Guna mencegah jatuh korban, selain usia KPPS didesain lebih muda, teknis penyelenggaraan Pemilu 2024 juga akan diubah dengan menerapkan metode panel untuk penghitungan hasil perolehan suara di tempat pemungutan suara. Terdapat dua panel, yakni panel A untuk pemilu presiden dan wakil presiden serta pemilu DPD RI serta panel B untuk pemilu anggota DPR dan anggota DPRD kabupaten/kota.
Formulir hasil penghitungan suara pada Pemilu 2024, kata Idham, juga akan diubah menggunakan scanner fotokopi yang akan disediakan di TPS dan akan menggunakan aplikasi Sistem Rekapitulasi Hasil Penghitungan Suara (Sirekap) dengan menggunakan portable document format atau format pdf.
”Dahulu penggandaan formulir hasil perolehan suara atau kode formulir C1 dilakukan secara manual oleh anggota KPPS. Ditulis satu per satu dan dibuat rangkapnya sebanyak sejumlah saksi yang hadir,” ujarnya.
Anggota Dewan Pembina Perkumpulan untuk Pemilu dan Demokrasi, Titi Anggraini, mengungkapkan, terkait beban kerja petugas KPPS yang berat, ada dua hal yang perlu diperhatikan agar tidak terulang. Pertama, kondisi kesehatan petugas untuk menghindari dampak komorbid atau penyakit bawaan, KPU bisa menggunakan potensi kelompok muda untuk terlibat dalam proses pemilu. Hal ini sekaligus untuk melahirkan kader-kader demokrasi muda yang akan memiliki pengalaman personal kepemiluan sebagai bagian dari instrumen demokrasi sehingga mereka bisa memaknai demokrasi secara lebih substantif.

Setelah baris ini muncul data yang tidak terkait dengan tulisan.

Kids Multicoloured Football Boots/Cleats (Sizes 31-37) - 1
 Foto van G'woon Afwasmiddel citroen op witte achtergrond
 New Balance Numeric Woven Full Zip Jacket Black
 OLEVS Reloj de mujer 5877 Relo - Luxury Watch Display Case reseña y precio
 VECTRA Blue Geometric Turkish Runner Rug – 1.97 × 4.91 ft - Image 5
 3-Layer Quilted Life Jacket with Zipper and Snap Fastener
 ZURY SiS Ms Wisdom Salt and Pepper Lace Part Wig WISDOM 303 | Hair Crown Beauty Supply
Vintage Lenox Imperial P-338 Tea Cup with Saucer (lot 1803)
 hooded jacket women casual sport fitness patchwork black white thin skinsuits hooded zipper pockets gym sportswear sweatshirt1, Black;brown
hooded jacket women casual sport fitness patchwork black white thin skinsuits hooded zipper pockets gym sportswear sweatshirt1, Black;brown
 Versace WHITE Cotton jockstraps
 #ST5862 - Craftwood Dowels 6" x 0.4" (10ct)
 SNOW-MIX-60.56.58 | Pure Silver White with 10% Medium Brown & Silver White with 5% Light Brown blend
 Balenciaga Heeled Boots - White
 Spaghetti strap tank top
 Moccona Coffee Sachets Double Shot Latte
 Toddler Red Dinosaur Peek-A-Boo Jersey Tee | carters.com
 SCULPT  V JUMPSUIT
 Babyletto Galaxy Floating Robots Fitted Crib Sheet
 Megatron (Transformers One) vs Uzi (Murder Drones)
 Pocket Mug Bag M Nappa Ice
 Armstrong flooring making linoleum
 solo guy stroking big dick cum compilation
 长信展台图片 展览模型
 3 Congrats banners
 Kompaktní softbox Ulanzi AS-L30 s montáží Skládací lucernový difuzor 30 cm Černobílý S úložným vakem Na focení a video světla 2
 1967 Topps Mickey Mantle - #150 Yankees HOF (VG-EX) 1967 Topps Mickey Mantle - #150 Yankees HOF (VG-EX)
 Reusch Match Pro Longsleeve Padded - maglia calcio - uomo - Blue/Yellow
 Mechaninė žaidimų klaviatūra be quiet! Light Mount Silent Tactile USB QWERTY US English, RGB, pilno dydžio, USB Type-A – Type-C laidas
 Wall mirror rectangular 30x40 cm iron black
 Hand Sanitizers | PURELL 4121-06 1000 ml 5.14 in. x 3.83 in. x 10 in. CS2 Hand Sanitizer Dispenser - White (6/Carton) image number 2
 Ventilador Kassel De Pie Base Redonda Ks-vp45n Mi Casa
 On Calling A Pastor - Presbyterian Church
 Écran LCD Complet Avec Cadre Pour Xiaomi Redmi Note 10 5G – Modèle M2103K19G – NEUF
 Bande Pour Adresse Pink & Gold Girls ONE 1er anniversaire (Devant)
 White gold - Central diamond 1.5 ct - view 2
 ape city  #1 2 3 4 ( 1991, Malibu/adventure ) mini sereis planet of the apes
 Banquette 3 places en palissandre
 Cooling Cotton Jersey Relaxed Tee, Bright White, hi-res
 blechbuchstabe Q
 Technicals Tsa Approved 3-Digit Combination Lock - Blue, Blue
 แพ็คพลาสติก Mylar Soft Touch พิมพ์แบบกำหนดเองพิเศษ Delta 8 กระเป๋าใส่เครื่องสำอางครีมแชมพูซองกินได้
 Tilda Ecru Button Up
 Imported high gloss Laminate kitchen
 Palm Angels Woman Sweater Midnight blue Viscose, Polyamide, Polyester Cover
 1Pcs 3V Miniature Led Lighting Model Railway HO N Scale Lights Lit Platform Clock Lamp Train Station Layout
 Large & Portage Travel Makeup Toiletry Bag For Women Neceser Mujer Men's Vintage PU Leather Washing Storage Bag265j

Kedua, terkait dengan beban kerja petugas, KPU mestinya bisa serius melakukan terobosan untuk mengatur manajemen TPS yang lebih wajar, berimbang, dan distributif di antara para petugas. KPU perlu benar-benar serius dan fokus untuk menyiapkan desain pencatatan salinan yang mestinya tidak lagi dilakukan sepenuhnya manual. Pengalaman Sirekap Pilkada mestinya bisa diduplikasi dan diujicobakan serius untuk Pemilu 2024 sehingga petugas bisa berkurang bebannya dalam bekerja mengelola TPS.
”Daripada melakukan penghitungan dua panel, menurut saya lebih strategis melakukan distribusi atau rotasi kerja antarpetugas sehingga beban tidak bertumpuk pada orang-orang tertentu di KPPS,” ujarnya.
Oleh karena itu, Titi mengatakan, harus ada pelatihan yang cukup dan memadai bagi para petugas sehingga mereka bisa berbagi peran secara rata dan imbang dalam penyelenggaraan pungut hitung pada Pemilu 2024. Sebab, kegagapan pada prosedur kerja juga ikut memengaruhi psikologis petugas pemilu dalam menghadapi tekanan kerja, termasuk juga tekanan dari pemilih yang terpolarisasi ikut memengaruhi pemilih.